In a 2021 review for Yachting World, Toby Hodges wrote, "The adrenalin of sailing the ClubSwan 125 Skorpios is perhaps heightened by the fear of the unknown: everything about this yacht seems to be on another scale altogether. This is, by some margin, the biggest offshore racing monohull, and certainly the largest ever racing Swan. It boasts possibly the deepest draught non-lifting keel (7.4m) and the largest sailplan combination ever conceived. In short, Skorpios is a seemingly limitless source of superlatives."
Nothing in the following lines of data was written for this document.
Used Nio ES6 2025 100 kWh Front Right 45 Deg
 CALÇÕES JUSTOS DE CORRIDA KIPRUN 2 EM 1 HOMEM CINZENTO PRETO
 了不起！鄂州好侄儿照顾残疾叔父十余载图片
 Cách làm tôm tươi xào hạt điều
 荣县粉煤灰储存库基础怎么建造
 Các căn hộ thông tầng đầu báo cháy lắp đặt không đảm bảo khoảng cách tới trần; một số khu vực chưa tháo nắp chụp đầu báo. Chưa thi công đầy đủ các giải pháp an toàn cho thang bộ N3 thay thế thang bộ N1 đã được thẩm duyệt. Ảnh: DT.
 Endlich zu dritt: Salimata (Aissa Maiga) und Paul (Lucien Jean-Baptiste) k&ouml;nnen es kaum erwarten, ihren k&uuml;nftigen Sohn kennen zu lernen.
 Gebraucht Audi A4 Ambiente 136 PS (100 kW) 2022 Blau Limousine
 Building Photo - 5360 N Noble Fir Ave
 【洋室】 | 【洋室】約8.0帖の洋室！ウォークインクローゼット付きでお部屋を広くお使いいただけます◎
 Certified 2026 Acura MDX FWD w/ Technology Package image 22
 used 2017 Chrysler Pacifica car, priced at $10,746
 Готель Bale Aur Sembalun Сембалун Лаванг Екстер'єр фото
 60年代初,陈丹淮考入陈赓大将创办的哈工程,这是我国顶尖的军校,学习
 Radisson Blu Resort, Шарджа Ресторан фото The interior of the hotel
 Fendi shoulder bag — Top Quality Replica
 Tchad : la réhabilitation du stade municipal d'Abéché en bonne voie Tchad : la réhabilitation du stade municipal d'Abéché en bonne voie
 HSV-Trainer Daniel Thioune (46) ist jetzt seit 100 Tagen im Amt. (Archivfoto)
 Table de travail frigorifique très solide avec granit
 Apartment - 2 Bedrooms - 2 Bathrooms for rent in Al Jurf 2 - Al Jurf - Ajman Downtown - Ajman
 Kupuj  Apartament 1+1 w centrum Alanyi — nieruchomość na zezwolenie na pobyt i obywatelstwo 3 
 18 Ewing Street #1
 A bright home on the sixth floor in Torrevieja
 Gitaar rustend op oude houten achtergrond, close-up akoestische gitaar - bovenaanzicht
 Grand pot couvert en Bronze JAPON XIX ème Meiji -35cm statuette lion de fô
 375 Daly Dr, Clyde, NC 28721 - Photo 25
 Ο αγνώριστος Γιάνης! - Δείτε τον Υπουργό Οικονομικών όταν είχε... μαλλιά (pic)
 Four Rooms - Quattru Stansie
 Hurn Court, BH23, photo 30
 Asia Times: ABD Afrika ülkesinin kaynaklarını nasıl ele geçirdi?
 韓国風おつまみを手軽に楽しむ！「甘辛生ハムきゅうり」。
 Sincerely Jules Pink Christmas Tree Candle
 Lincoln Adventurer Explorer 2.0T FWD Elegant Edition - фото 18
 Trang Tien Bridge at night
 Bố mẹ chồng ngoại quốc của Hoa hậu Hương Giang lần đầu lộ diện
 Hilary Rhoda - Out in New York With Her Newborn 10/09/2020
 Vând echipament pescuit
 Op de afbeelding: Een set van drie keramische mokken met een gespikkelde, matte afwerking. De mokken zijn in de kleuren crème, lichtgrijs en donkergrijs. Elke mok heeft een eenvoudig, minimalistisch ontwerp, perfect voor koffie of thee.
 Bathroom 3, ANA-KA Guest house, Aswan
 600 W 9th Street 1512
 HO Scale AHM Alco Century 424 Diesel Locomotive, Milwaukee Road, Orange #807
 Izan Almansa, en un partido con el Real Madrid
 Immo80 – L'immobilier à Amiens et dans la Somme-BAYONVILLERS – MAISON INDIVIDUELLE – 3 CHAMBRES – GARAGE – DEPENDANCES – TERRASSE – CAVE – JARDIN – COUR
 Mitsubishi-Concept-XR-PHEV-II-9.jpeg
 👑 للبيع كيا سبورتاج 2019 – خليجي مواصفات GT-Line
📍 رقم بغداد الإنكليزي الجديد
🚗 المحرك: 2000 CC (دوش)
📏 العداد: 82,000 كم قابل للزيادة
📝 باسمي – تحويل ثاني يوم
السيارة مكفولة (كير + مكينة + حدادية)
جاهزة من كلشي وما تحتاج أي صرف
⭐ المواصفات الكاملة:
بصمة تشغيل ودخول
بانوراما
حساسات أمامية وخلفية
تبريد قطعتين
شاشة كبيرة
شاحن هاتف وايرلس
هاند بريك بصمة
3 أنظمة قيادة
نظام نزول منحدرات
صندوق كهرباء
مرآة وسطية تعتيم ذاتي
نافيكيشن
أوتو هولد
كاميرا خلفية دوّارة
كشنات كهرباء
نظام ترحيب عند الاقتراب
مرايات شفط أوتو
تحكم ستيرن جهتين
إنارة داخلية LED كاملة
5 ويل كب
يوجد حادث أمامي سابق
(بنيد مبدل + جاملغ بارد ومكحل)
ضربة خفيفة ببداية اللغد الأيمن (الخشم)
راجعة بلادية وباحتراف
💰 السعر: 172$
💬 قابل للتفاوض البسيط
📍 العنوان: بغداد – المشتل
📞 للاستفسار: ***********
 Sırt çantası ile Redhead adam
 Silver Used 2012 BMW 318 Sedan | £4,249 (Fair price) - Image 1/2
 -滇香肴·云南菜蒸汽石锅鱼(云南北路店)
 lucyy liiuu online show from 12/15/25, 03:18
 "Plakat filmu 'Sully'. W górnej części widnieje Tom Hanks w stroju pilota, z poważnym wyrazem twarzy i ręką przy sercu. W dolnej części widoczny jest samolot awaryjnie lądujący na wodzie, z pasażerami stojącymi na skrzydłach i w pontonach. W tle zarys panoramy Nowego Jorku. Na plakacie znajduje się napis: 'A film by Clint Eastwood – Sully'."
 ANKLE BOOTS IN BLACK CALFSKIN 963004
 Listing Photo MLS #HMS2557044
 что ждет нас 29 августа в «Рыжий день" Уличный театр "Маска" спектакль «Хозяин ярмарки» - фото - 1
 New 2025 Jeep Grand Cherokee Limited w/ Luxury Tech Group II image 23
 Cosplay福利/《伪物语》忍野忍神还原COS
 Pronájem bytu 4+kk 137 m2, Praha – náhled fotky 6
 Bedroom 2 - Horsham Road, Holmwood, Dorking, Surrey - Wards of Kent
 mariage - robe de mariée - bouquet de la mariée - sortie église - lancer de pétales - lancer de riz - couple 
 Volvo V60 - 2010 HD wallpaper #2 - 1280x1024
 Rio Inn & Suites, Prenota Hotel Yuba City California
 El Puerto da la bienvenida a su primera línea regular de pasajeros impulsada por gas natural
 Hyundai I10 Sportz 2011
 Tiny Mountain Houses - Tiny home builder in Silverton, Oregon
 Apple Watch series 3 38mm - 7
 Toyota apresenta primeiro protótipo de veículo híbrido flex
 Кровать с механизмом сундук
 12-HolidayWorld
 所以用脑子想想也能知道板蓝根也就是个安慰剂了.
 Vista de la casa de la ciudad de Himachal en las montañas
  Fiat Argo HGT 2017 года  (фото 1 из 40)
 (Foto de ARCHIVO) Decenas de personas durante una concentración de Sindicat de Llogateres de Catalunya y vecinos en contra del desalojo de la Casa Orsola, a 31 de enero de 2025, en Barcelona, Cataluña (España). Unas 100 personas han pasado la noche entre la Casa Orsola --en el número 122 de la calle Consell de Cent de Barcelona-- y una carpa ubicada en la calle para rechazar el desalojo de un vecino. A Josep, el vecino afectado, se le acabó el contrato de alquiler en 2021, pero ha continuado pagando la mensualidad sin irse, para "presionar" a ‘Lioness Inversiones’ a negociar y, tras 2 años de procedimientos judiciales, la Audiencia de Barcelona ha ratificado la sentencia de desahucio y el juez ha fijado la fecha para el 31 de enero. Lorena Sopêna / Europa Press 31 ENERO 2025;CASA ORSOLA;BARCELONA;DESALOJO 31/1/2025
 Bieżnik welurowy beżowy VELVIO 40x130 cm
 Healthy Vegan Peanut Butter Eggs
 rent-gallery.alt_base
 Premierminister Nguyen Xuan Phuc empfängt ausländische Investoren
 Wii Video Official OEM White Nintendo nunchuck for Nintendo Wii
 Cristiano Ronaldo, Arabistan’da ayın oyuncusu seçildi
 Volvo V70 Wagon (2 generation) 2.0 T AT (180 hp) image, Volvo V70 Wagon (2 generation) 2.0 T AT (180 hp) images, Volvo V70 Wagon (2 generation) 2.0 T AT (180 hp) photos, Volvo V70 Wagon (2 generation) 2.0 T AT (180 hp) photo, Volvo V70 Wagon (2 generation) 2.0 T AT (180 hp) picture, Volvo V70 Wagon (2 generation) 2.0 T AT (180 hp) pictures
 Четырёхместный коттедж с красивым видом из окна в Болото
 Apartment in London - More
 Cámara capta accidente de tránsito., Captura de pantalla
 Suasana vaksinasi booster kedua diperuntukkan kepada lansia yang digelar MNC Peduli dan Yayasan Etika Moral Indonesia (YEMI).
In a 2021 review for Boat International, Elaine Bunting wrote, "Skorpios is a yacht that towers over history. When the new supermaxi racer rounded Ireland's famous Fastnet Rock Lighthouse in the Rolex Fastnet Race in August, it was the first boat in the event's 96 years to look down on it, its mast being four metres taller than the historic structure."

In a 2021 Sailing World review, James Boyd wrote, "Given that Skorpios was built in the middle of a pandemic and is so fiendishly complex, it is a miracle it was launched at all."